[PATCH -v3] Add support for new compat feature "sparse_super2"

[Date Prev][Date Next][Thread Prev][Thread Next][Date Index][Thread Index]

 



In practice, it is **extremely** rare for users to try to use more
than the first backup superblock located at the beginning of block
group #1.  (i.e., at block number 32768 for file systems with a 4k
block size).  This new compat feature restricts the backup superblock
to block group #1 and the last block group in the file system.

Aside from reducing the overhead of the file system by a small number
of blocks, by eliminating the rest of the backup superblocks, it
allows us to have a much more flexible metadata layout.  For example,
we can force all of the allocation bitmaps and inode table blocks to
the beginning of the disk, which allows most of the disk to be
exclusively used for contiguous data blocks.
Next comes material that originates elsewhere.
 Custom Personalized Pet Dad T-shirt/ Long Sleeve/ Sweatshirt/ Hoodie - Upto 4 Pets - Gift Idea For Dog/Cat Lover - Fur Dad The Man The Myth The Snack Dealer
This simplifies taking advantage of certain HDD specific features,
such as Shingled Magnetic Recording (aka Shingled Drives), and the
TCG's OPAL Storage Specification where having a simple mapping between
LBA block ranges and the data blocks used by the file system can make
life much simpler.

Signed-off-by: "Theodore Ts'o" <tytso@xxxxxxx>
---
 debugfs/set_fields.c        |   2 +
 lib/e2p/feature.c           |   2 +
 lib/e2p/ls.c                |   8 ++
 lib/ext2fs/closefs.c        |  12 ++-
 lib/ext2fs/ext2_fs.h        |   4 +-
 lib/ext2fs/ext2fs.h         |   3 +-
 lib/ext2fs/initialize.c     |   2 +
 lib/ext2fs/res_gdt.c        |  13 ++++
 lib/ext2fs/swapfs.c         |   2 +
 lib/ext2fs/tst_super_size.c |   3 +-
 misc/ext4.5.in              |   7 ++
 misc/mke2fs.c               |  11 ++-
 resize/online.c             |   8 ++
 resize/resize2fs.c          | 182 +++++++++++++++++++++++++++++++++++++++++++-
 14 files changed, 250 insertions(+), 9 deletions(-)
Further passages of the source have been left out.